Thursday, March 31, 2011

Makeshift Food

It's somewhat amazing what sorts of things you can come up with when your food supply is severely limited by budget constraints. (Yes. Severely. At least for the rest of this week.) As it turns out, butter, milk, flour, and eggs can make an astonishingly wide array of food, as can cinnamon and pizza dough.

My first success was cinnamon pizza. That sounds nasty, I know, but it wasn't. Probably because there were no normal pizza toppings involved. I remembered late last night that I had a roll of pre-made pizza crust in the fridge that I needed to use very soon. However, I didn't have any pizza sauce or tomatoes, so it seemed like it was doomed to a miserably, rotten death until I remembered that everyone loves apple crisp. Problem number one: Lent. Problem number two: no apples. Now, dessert isn't dessert if not all the pieces are there, and you can't have pizza for dessert. Therefore, problem number one was solved. On to problem number two. I think we can all agree that the best part of apple crisp is the topping, so that's what I made. No recipe involved, just experimentation. It worked, too. It came out of the oven looking like this...


...the apartment reaction was something like this:


...and 10 minutes and six people later, it looked like this:


I will be making that again next time I have pizza crust.
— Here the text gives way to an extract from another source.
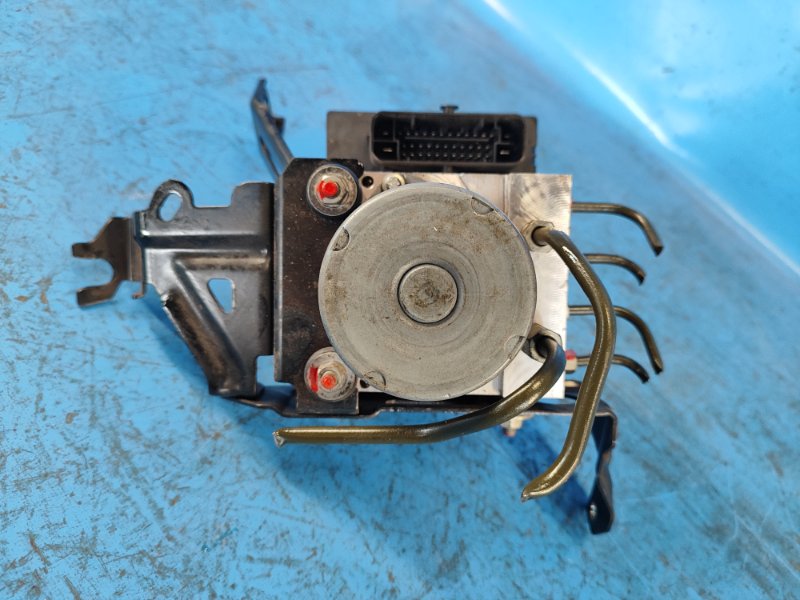 ABS unit SUZUKI KIZASHI 09-14 2010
After school today I ate some eggs, but then I decided I wasn't full yet. After perusing the Williams and Sonoma website for things I could make with the above-listed ingredients, I came across a recipe for rosemary popovers. Now, I didn't really want to make them with the parsley and rosemary that was called for, because I wanted to put butter and jam on them. Parsley and jam, in my opinion, don't make the best combination. So I just left them out.

If you've never made popovers before, they might seem kinda weird. The batter is lumpy and quasi-viscous, and you put them in a cold oven to start. But if you make them right, they are the most delicious little biscuitlike things you can imagine. They're not sweet at all, even though they look a little like muffins.


(Yes, they are supposed to be that crispy-looking. They're crispy on the top and squishy in the middle.)

One of mine came out looking a little lopsided, but it tasted the same.


Then you put on your butter and jam - I am particularly partial to jam of the raspberry-minus-the-seeds variety - and you have an excellent after-school snack.


Lauren and Diana ate some too...and I ate four...

I'm slowly exhausting my supply of not-so-renewable-by-me resources, so I'm going to have to become even more creative for the rest of the week. But given my success so far, the outcome should be pretty good.